Zhan-long Mei:
|
With the advancement of the MS techniques, the throughput and coverage of the untargeted
metabolomics have been greatly improved, making it a powerful tool for screening altered
metabolites associated with phenotypes or simulations. Tens of thousands of metabolites could be
detected in one run and quantitively measured as the peak areas of the MS features. Due to the nature
of the quantitation, the precision of the quantitation is affected by a variety of factors, such as the
batch effects, the ionization efficiency, and the dilution effects. To combat these unwanted variations,
several data processing and pretreatment steps are needed, and multiple algorithms have been
developed. However, until now, there was no widely accepted workflow for the untargeted
metabolomics data analysis. On the one hand, limited options of data analysis algorithms were
implemented in the integrated pipelines without systematic evaluation of their performance.

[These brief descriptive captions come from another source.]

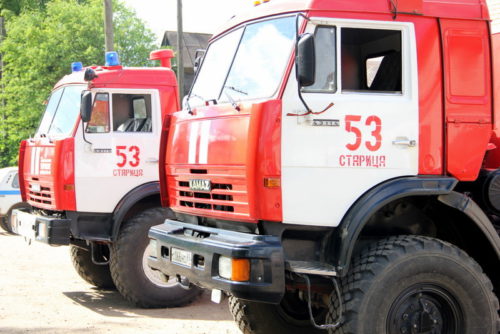 В Тверской области ожидается чрезвычайная пожарная опасность 
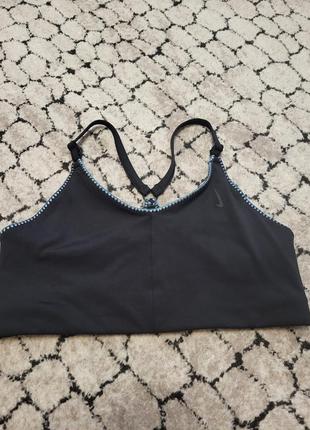 Nike yoga dri fit топ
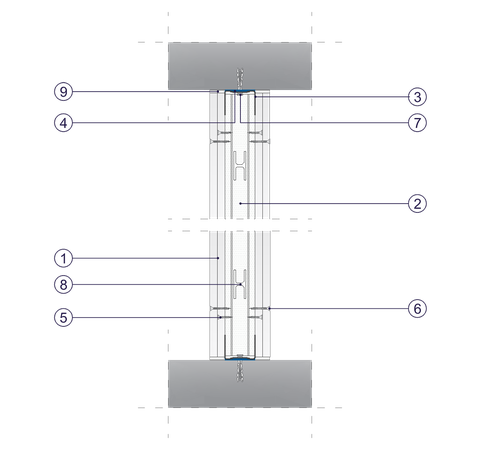SD - 2x12,5 GKB A/CW 50/0,50 W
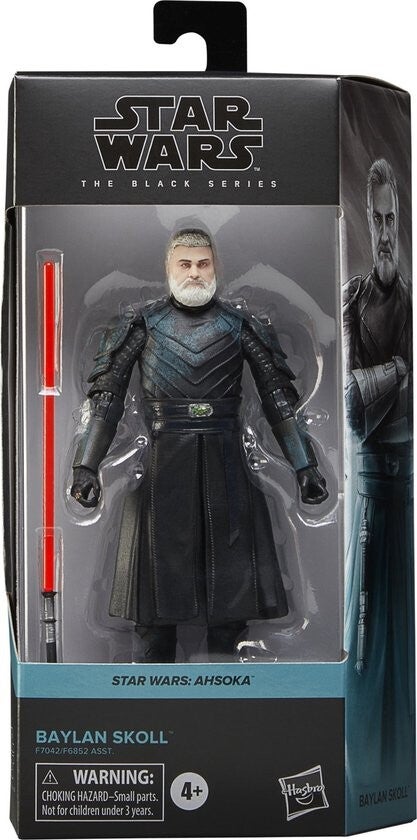 Hasbro Star Wars: Ahsoka Black Series figurine Baylan Skoll 15 cm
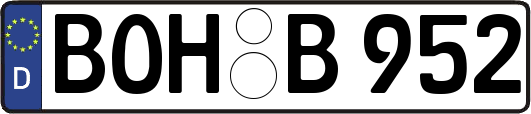 BOH-B952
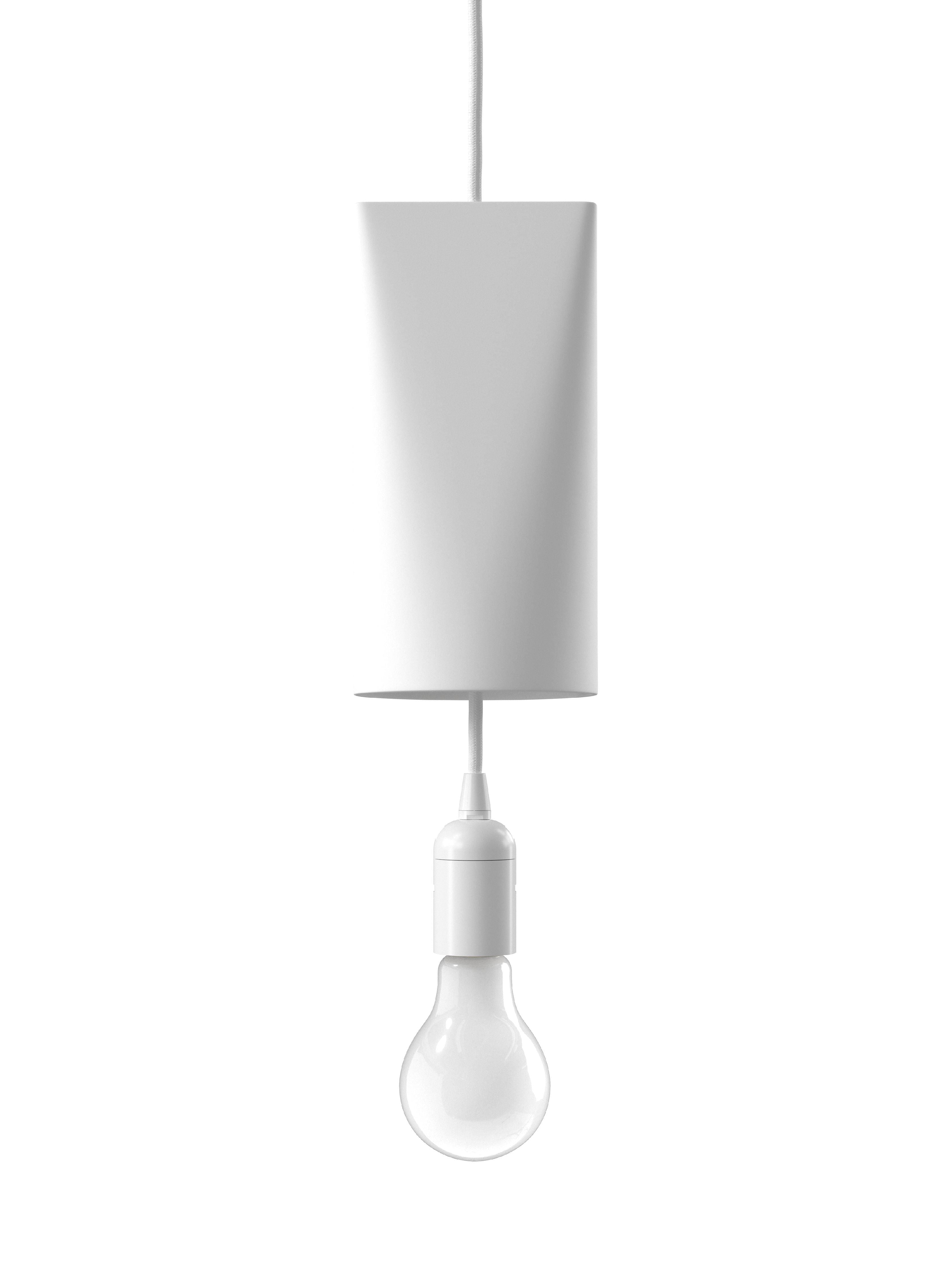 Lámpara colgante de cerámica Moebe 11 cm, blanco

On the
other hand, the users were encouraged to try different data processing algorithms to choose the best
one.
In this study, I developed an expert analysis system, MetaboPro, for untargeted metabolomics data,
in which multiple approaches were implemented, and systematic evaluations were provided. I showed
that there is no single solution to the missing value imputation, batch effects removal, sample
normalization, transformation, and scaling, because the performances of different approaches for
these analyses varied a lot, and no approaches always outstand the other on different datasets. I
reviewed and compared the existing evaluation criteria for each step of analysis and implemented the
commonly used data analysis approaches and evaluation criteria into MetaboPro. Besides, I also
developed a stepwise imputation strategy by classifying the missing values into three classes and
imputing according to their origin, which greatly improved the imputation accuracy.

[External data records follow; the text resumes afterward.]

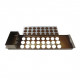 KIT TUILES CHOCOLAT H:3MM Ø50MM - RRI344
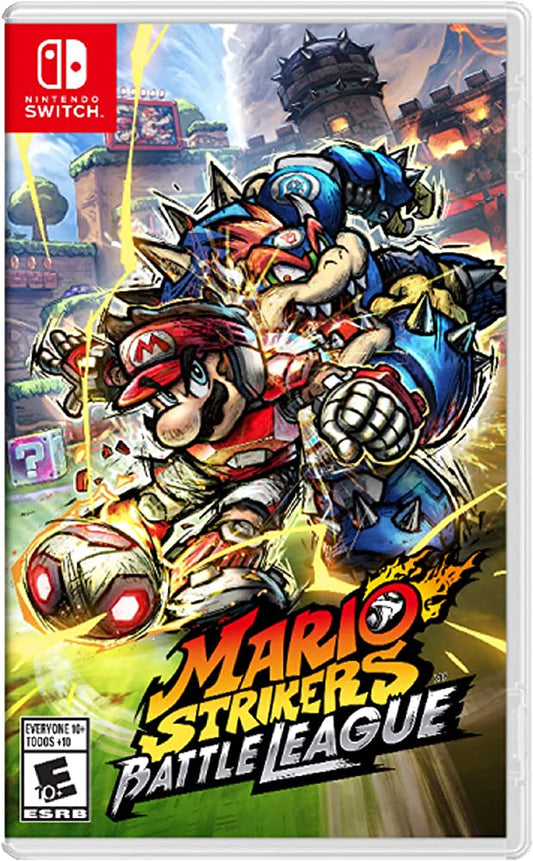Mario Strikers Battle League Nintendo Switch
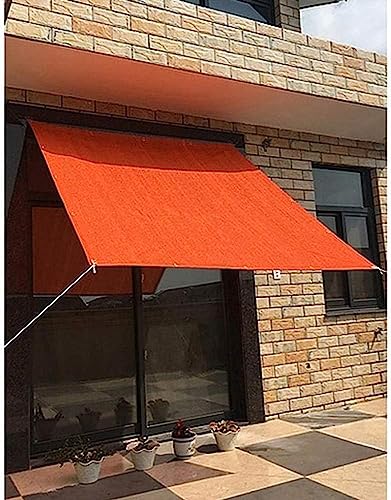 Sombra de vela CUSMA dosel rectangular rojo 1m x 1m para instalaciones en terrazas 4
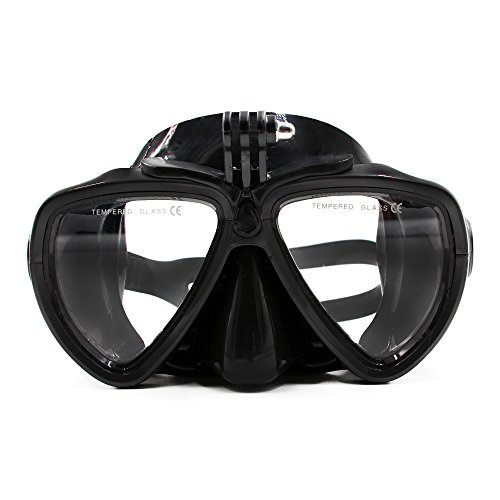 Gafas de buceo TELESIN para esnórquel con soporte para cámara deportiva miniatura 2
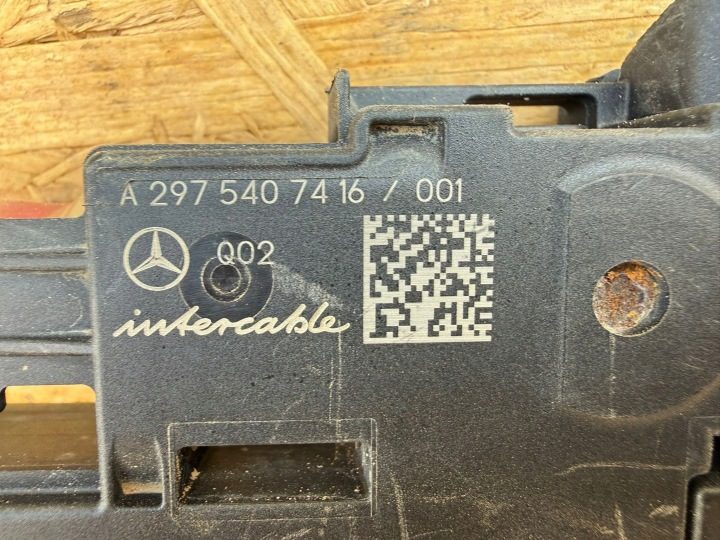 БЛОК ПРЕДОХРАНИТЕЛЕЙ MERCEDES EQS V297 A2975407416, фото 4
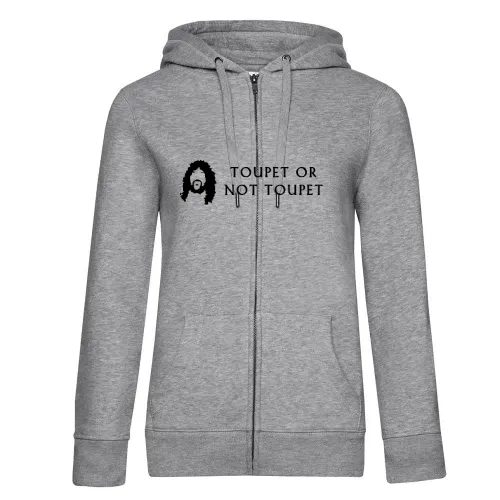 Toupet or not Toupet Frauen Hoodie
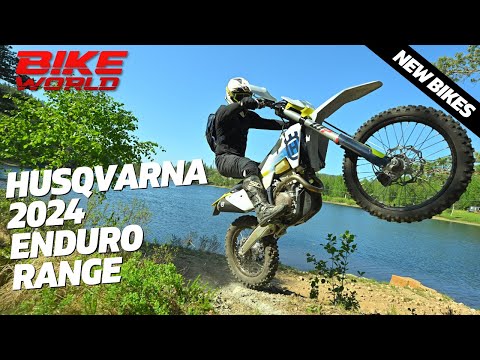 2024 Husqvarna Enduro Range In Stunning Norway
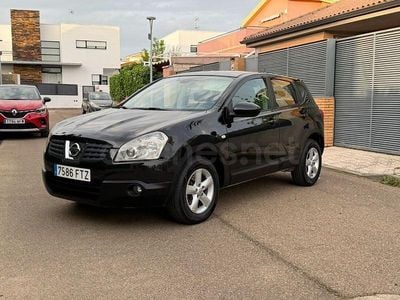 Usado Nissan Qashqai Acenta 106 CV (77 kW) 2007 Negro SUV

This expert analysis system may serve the community in at least three ways: firstly, MetaboPro
provides guidance of the necessity of each data processing and how to evaluate the processing
outcome step by step, which benefits new users to better understand the data analysis. Secondly, this
integrated tool greatly improves the robustness of the statistical outcome, leading to precise
interpreting of the phenotypes. Finally, this study will advance the development of untargeted
metabolomics data analysis and speed up the formation of a widely accepted workflow.